I’ve written limericks about armed coups, haiku about football transfers, anagram poems about hurricanes, and streams of consciousness where the likes of Dan Hannan and Matt Hancock sit alongside crow, squirrel and other visitors to my garden.

I do have a life, a family and a job. But I’ve discovered you can write a poem while on hold (“On hold to EE / I am a valued caller / awaiting a callee”) as well as from a soft-play centre, a windswept tent at 6.30am, and even the lobby of Trump Tower. All you need is a phone. It’s the tool most of us use to consume news, but it’s also a creative blank canvas.

Posting on Instagram and Twitter means you get instant feedback. It turns out poetry readers love death poems. When a treasured figure such as Rodney Bewes from The Likely Lads dies, there’s something different about reading about it minutes later, even if it’s just a couple of lines – “Trying to avoid the news / about Rodney Bewes”.

People seem to like angry poems, too. Wordsworth said poetry is emotion recollected in tranquility, but there’s something to be said for emotion recollected while feeling emotional. I’ve written rage-fuelled diatribes against Trump, Johnson and Christopher Chope, and a quietly outraged meditation on the 30th anniversary of Hillsborough.

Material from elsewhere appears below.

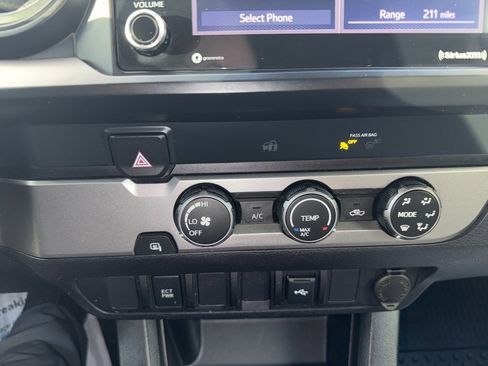 Certified 2020 Toyota Tacoma SR w/ SR Convenience Package image 13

But the most popular poems have been more universal. On Christmas Eve 2017, I sat in another pub and wrote: “Whether you’re Remain or Leave / it still goes dark on Christmas Eve / and everyone thinks and drinks to the same: / to those who have left us / and those who remain”. That seems like a long time ago.

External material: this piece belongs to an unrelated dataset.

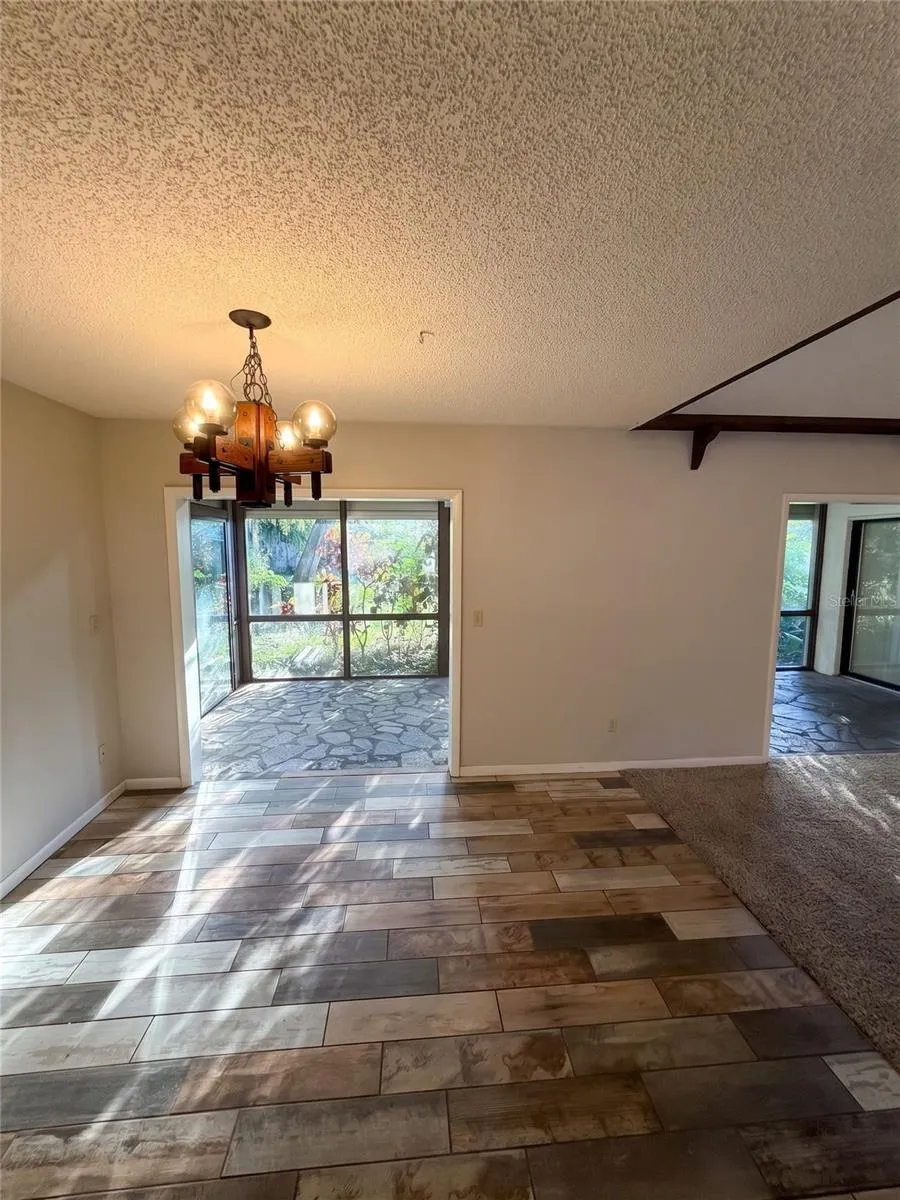Dining Room Alt View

More recently, a poem in response to this Evening Standard story about the London Bridge terrorist attacks was published in the same paper later that week.

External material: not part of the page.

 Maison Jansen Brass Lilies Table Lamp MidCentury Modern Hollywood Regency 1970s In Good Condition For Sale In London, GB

Two “members of the public” dead
and you privately wonder
if it’s a member to whom
you might be connected,
and you are privately relieved
at another reprieve,
and you privately imagine
yourself as the hero
running towards the danger,
or yourself in a panic
elbowing past a stranger.
Either way, I say
here and now to you:
if ever it’s me,
or if ever it’s you,
or if somehow we
are the chosen two,
I’m proud to have been
a member with you.

Why have I written a poem daily for 1,000 days? Because in these deranging times, it’s a way of making the world make sense. US attorney general Bill Barr recently smirked in an interview that “history is written by the winner”. I thought back to one of my rage poems, written in response to a Trump tweet in which he claimed authorship of his ghostwritten book, The Art of the Deal. The last lines of that poem are a motto for the whole project: “For this, Mr President, we will destroy you / de-story you / haunt you like the ghosts we are / sentence you to death / and there is literally nothing / you can do to fight us / you think history is written by the victors? / it’s written by the writers”.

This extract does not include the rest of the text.